I write science fiction as a hobby and am in writing critique groups. One of the first rules of critiquing writing is not to suggest how to say things, but only to say what a certain phrase made you feel (confusion, boredom, etc).

LLMs harnesses try to make them useful to suggest things, but this is the most destructive thing you can do to a writer. You can work around it by just feeding Claude a writing critique skill.


You should have done it by hand man. It would have been so much more <3 <3 <3

And Terry Pratchett would have loved it too. Even if it were clumsy.

But thanks for being kind in taking criticism.


> way less aggressive with the AI proofreading

It’s funny how anytime an article gets called out for being AI slop on HN, the author’s reaction is something like that: “oh yeah sorry I used AI but just for proofreading I swear, I should’ve done just a tiny bit less”.

No one seems to get the message that relying on AI at all is what makes writing shit. Good writers have confidence in what they produce. The fact that you’re willing to incorporate any AI suggestion at all means you’ve already lost the battle.


I'm not a writer but I do write quite a bit for scientific reasons. I'd like to add a small tweak to your comment.

The people I know have no confidence whatsoever in their writing, rewriting and rephrasing the same paragraph over and over until they either run out of time or give up. They also circulate their drafts among colleagues and ask for their opinions too.

It's not the confidence what makes good writing, but rather putting in the work.


At least in technical writing if your English is not too good you can replace some of it with math formulae and get away with it. Ish.

Tbh my first couple research papers were brutally savaged by reviewers until I spoke to a lady at my university's Academic English department. In fact I was sent there by an internal reviewer who refused to pass my early-stage report otherwise. The lady at the Academic English dept pointed out one thing I was doing and it immediately clicked and I've only got good words about my writing style since.

Know what that One Simple Hack was? I spent my youth writing Sci-Fi, Fantasy and Horror as a hobby. So naturally when it came to writing papers, I thought, hey, I know how to write. It's like literature.

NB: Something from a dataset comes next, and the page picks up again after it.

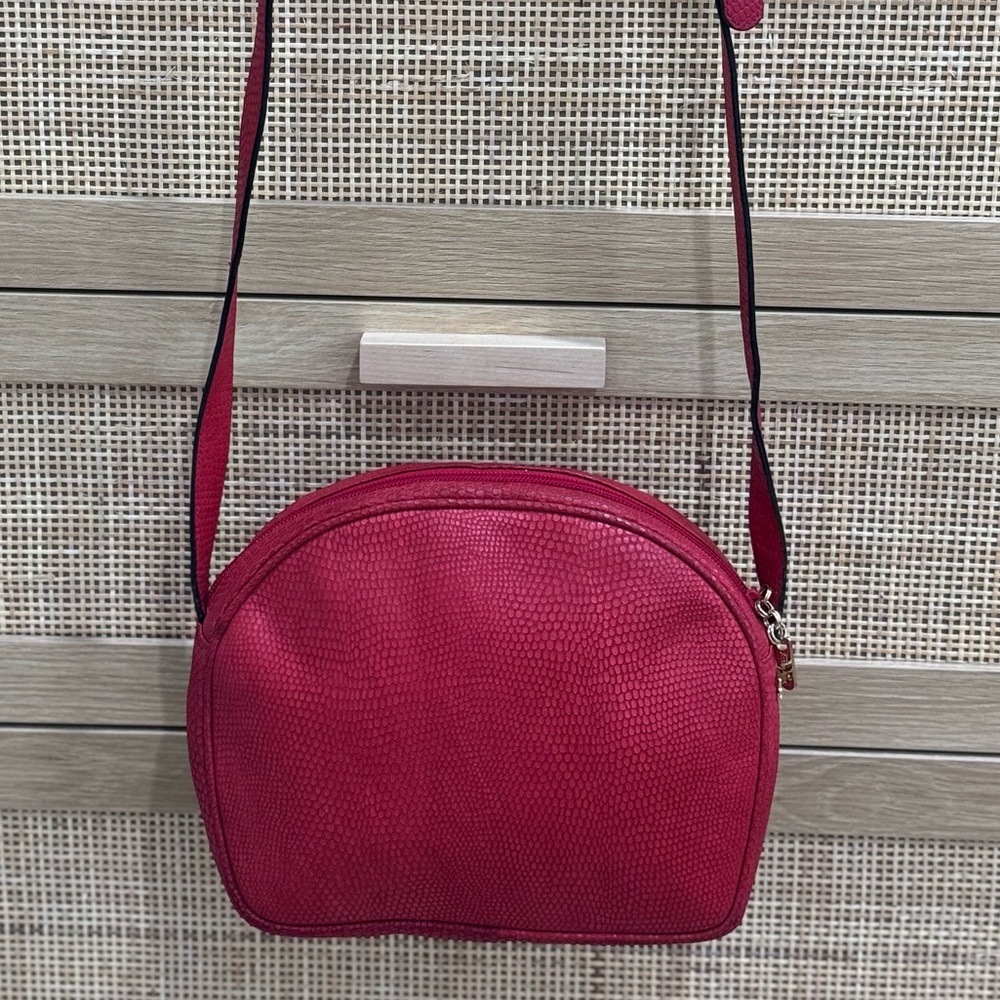 Vintage Ferragamo 90s Shoulder Bag in rich red color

Shockingly, it is not. Like, at all! In literary writing it's basically sacrilege to write the same thing in the same words twice. In technical writing that is what you must do. Unless you want to confuse everyone about what you mean. So I was trying to make my technical writing "not boring" by not repeating the same expressions and instead finding new, creative ways to refer to the same concepts in different places, and that just made reviewers really angry because they never knew what I meant. I stopped doing that -and also generally tightened up my use of terminology- and that was it. Now every paper gets at least one reviewer that says "this is a well-written paper".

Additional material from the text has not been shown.